Deployment and Classification of Webcam Images on NVIDIA Jetson TX2 Platform

This example shows how to generate CUDA® code from a DAGNetwork object and deploy the generated code onto the NVIDIA® Jetson TX2 board using the GPU Coder™ Support Package for NVIDIA GPUs. This example uses the resnet50 deep learning network to classify images from a USB webcam video stream.

Prerequisites

Target Board Requirements

  • NVIDIA Jetson Tegra TX2 embedded platform.

  • Ethernet crossover cable to connect the target board and host PC (if the target board cannot be connected to a local network).

  • USB camera to connect to the TX2.

  • NVIDIA CUDA toolkit installed on the board.

  • NVIDIA cuDNN library (v5 or higher) on the target.
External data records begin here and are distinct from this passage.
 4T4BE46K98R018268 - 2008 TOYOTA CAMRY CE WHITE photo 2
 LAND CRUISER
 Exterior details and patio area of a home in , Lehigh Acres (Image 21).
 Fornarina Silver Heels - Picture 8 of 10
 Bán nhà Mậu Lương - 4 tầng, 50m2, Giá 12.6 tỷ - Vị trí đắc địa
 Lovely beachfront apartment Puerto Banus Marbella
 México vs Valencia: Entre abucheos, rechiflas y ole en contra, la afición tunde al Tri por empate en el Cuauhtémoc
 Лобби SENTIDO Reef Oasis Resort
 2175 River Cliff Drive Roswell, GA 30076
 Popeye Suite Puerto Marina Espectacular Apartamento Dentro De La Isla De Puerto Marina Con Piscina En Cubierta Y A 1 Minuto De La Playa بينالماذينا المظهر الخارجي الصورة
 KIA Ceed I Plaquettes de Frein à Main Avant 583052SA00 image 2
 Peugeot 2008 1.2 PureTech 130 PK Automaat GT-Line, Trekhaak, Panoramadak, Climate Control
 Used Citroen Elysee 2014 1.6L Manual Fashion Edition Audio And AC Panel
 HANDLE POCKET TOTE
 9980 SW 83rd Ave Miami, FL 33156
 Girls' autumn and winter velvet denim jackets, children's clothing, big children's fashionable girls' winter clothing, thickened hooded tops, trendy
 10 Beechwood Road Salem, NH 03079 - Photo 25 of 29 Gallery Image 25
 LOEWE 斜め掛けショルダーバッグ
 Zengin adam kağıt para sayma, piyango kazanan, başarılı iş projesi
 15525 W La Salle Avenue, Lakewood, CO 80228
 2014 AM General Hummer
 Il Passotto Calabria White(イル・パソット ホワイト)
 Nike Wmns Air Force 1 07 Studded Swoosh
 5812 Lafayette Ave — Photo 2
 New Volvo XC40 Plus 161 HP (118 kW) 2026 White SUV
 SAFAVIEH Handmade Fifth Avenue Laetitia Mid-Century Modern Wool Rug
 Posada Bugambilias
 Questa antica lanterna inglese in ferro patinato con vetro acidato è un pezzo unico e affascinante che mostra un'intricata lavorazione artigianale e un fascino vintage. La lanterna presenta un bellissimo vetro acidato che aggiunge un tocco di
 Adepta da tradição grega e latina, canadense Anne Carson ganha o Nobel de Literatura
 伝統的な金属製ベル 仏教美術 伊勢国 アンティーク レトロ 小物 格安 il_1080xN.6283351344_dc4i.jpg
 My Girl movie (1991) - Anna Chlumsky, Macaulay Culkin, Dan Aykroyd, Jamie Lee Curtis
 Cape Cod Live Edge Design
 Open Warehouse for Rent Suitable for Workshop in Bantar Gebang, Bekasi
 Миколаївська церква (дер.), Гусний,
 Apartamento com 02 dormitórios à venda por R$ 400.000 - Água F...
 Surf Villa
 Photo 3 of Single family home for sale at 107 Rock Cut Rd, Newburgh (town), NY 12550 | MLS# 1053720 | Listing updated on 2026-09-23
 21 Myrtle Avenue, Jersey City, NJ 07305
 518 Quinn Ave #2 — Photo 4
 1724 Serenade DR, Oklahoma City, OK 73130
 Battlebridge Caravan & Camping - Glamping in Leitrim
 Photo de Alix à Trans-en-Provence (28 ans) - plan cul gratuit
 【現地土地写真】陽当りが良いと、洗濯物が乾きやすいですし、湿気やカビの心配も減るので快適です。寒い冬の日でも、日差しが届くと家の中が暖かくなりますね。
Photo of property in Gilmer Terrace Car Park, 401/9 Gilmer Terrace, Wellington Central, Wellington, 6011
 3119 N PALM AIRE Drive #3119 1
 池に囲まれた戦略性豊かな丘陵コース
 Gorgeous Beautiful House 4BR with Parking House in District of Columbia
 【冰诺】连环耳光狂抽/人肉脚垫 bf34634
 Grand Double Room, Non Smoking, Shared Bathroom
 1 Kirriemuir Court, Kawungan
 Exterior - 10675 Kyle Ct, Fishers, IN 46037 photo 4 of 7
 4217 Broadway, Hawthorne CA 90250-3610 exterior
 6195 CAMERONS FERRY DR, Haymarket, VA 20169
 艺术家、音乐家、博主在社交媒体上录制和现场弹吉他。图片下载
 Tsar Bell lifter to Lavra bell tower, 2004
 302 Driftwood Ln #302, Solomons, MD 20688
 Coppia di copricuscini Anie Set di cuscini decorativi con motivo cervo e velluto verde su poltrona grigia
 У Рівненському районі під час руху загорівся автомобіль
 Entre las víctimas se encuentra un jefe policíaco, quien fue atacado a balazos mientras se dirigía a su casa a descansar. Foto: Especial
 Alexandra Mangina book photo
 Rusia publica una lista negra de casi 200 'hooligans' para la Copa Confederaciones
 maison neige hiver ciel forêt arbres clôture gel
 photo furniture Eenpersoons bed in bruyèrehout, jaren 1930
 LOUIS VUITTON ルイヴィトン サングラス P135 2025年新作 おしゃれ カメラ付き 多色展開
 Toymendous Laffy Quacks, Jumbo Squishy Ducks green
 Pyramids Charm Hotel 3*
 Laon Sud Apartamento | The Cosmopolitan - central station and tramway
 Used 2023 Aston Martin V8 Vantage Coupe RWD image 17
  • OpenCV 3.0 or higher library on the target for reading and displaying images/video.

  • Environment variables on the target for the compilers and libraries. For information on the supported versions of the compilers and libraries and their setup, see Install and Setup Prerequisites for NVIDIA boards.

Development Host Requirements

  • GPU Coder for code generation. For an overview and tutorials, visit the GPU Coder product page.

  • Deep Learning Toolbox™ to use a DAGNetwork object.

  • GPU Coder Interface for Deep Learning Libraries support package. To install this support package, use the Add-On Explorer.

  • NVIDIA CUDA toolkit on the host.

  • Environment variables on the host for the compilers and libraries. For information on the supported versions of the compilers and libraries, see Third-party Products. For setting up the environment variables, see Environment Variables.

Create a Folder and Copy Relevant Files

The following line of code creates a folder in your current working directory (host), and copies all the relevant files into this folder.if you cannot generate files in this folder, change your current working directory run again the below command.

gpucoderdemo_setup('gpucoderdemo_resnet50');

Verify NVIDIA Support Package Installation on Host

Use the checkHardwareSupportPackageInstall function to verify that the host system is compatible to run this example.

checkHardwareSupportPackageInstall();

Connect to the NVIDIA Hardware

The GPU Coder Support Package for NVIDIA GPUs uses an SSH connection over TCP/IP to execute commands while building and running the generated CUDA code on the Jetson platform. You must therefore connect the target platform to the same network as the host computer or use an Ethernet crossover cable to connect the board directly to the host computer. Refer to the NVIDIA documentation on how to set up and configure your board.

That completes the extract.